Action item: Your copy starts at the line containing "In the middle" and ends at the last line below. Copy exactly, without pictures.

Data for review:

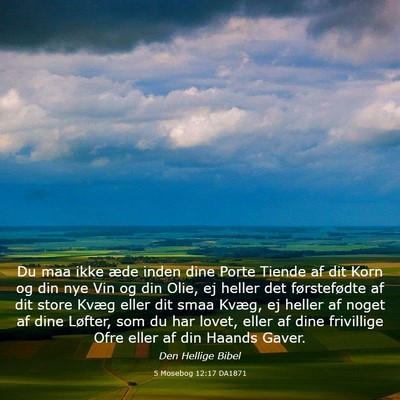 Picture 03 - 5 Mosebog 12:17 DA1871 - Du maa ikke æde inden dine Porte Tiende af dit - Bible Verse Picture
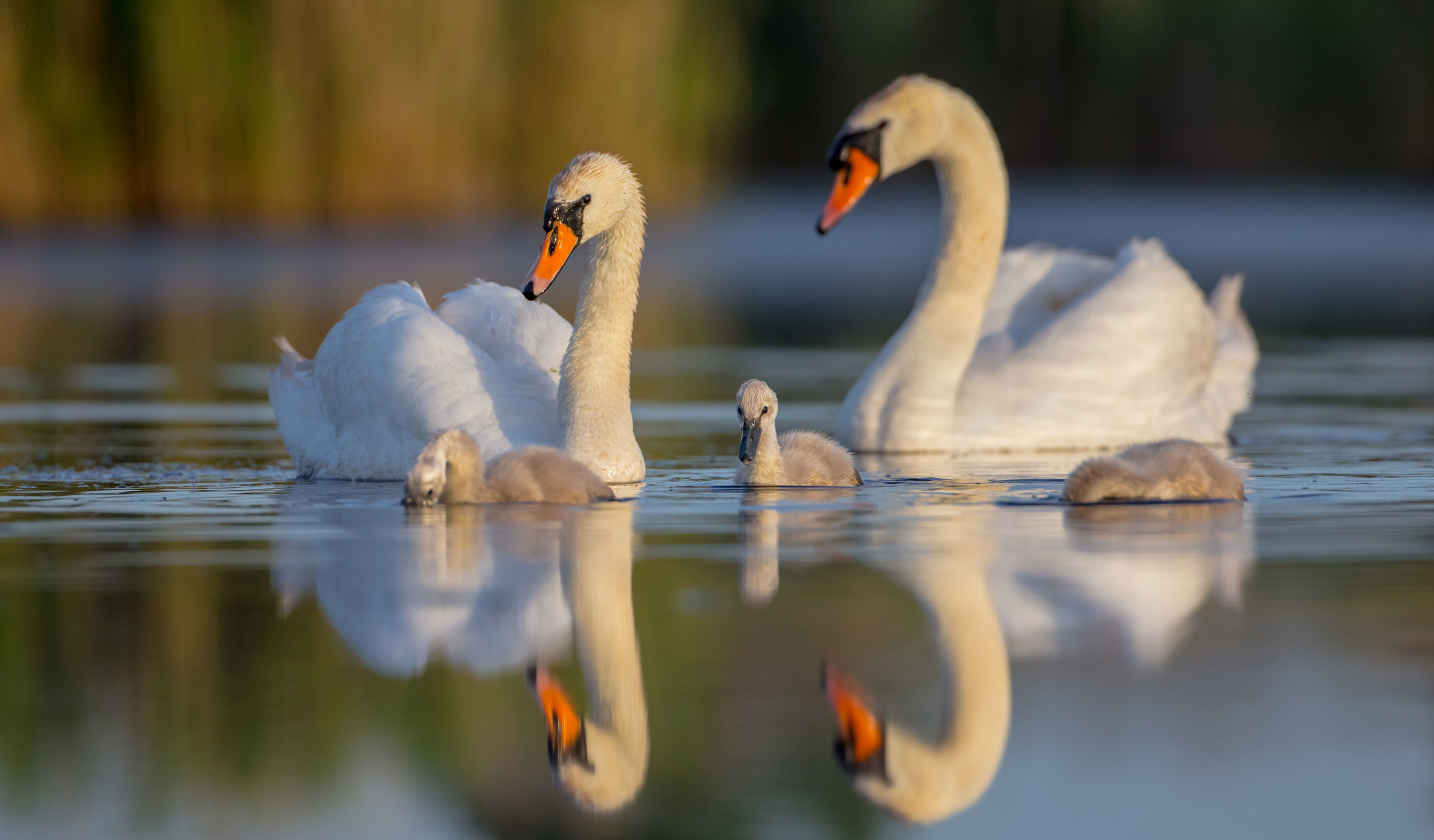 In the middle of a body of water a pair of Mute Swans sit with their young swimming around them.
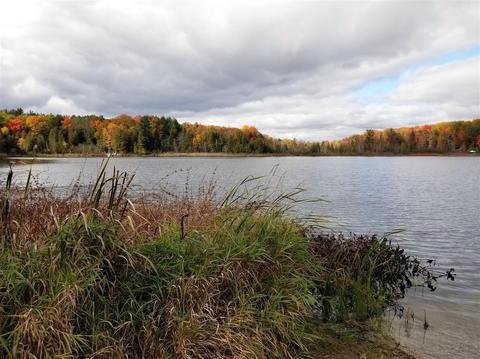 tbd Sassafras, Remus, MI 49340 photo 7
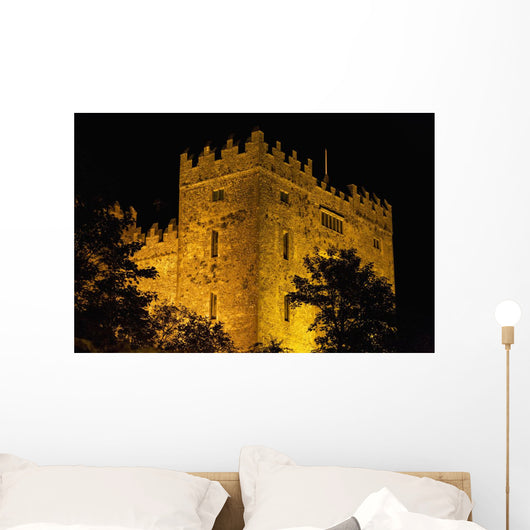 Bunratty Castle lit against black sky Wall Mural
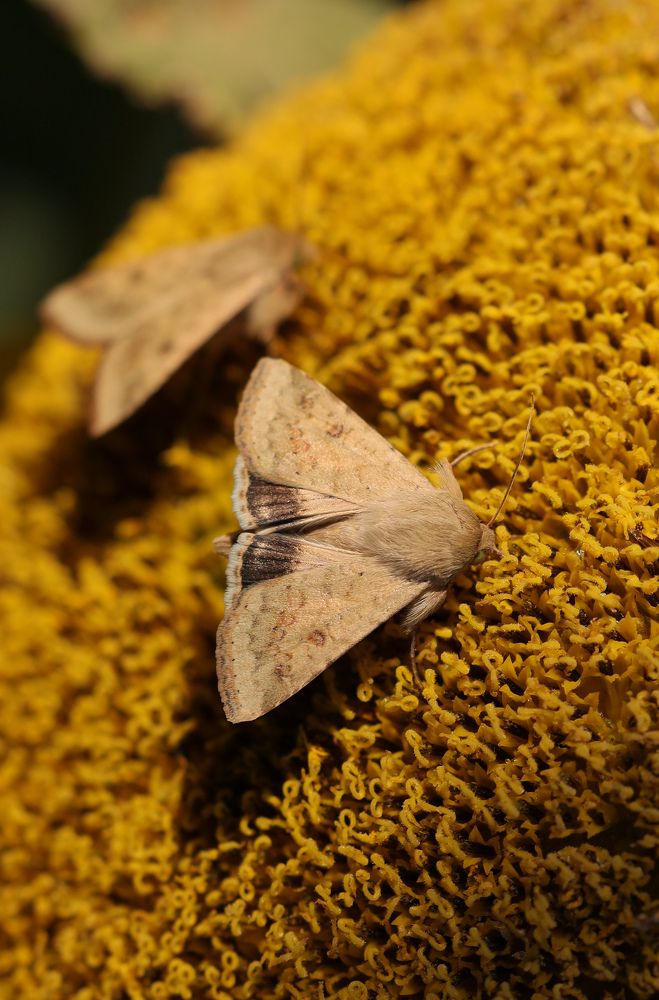 Photograph by Сергей Конюшенко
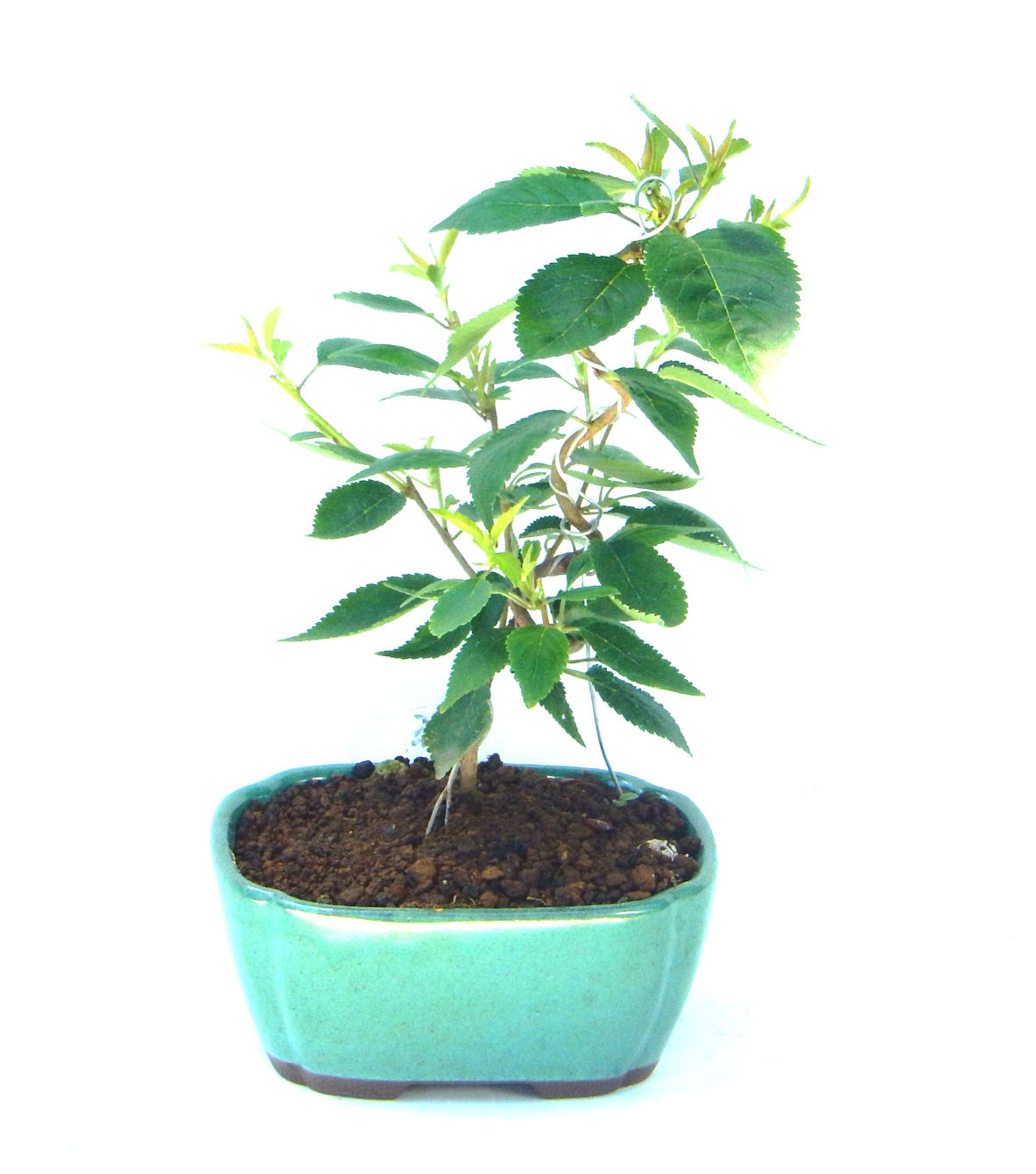 �P�O�����B�t�ƏH�̓��炭�T�N���ł��B�N�Ԃ̒��x�X�g�Z���[�ɂȂ�܂����I�I�I�R���p�N�g�ɉ������܂����B���߂Ă̕��ɂ���Ă₷����v�ȐA���ł��B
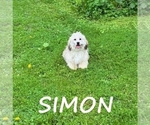 Small #1 Shih-Poo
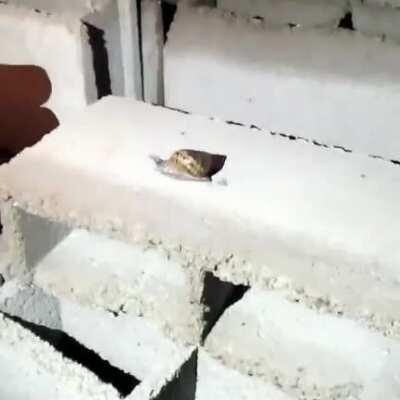 es mi primera vez en el reddit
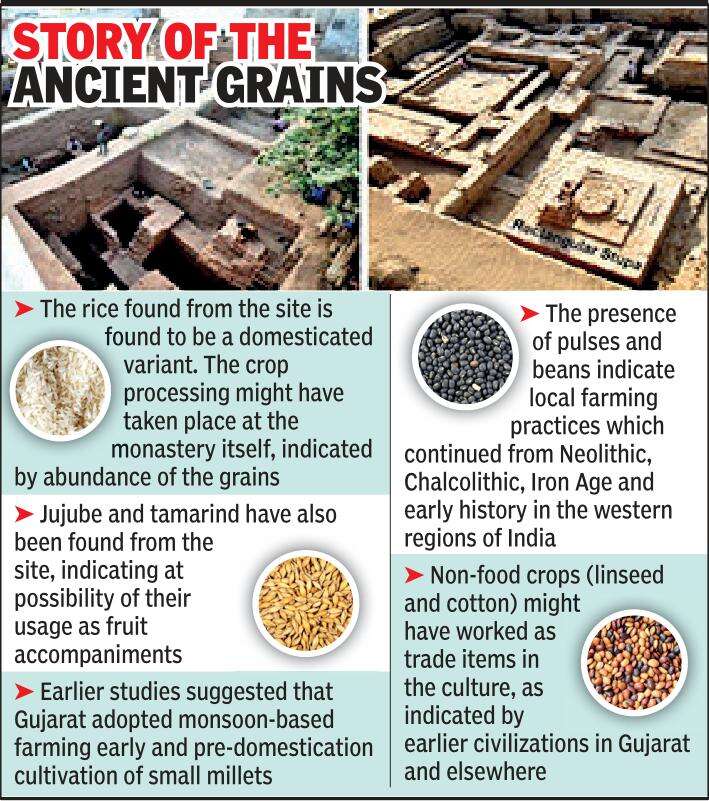 History etched in ancient grains Ahmedabad News Times of India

Answer space:
 In the middle of a body of water a pair of Mute Swans sit with their young swimming around them.
 tbd Sassafras, Remus, MI 49340 photo 7
 Bunratty Castle lit against black sky Wall Mural
 Photograph by Сергей Конюшенко
 �P�O�����B�t�ƏH�̓��炭�T�N���ł��B�N�Ԃ̒��x�X�g�Z���[�ɂȂ�܂����I�I�I�R���p�N�g�ɉ������܂����B���߂Ă̕��ɂ���Ă₷����v�ȐA���ł��B
 Small #1 Shih-Poo
 es mi primera vez en el reddit
 History etched in ancient grains Ahmedabad News Times of India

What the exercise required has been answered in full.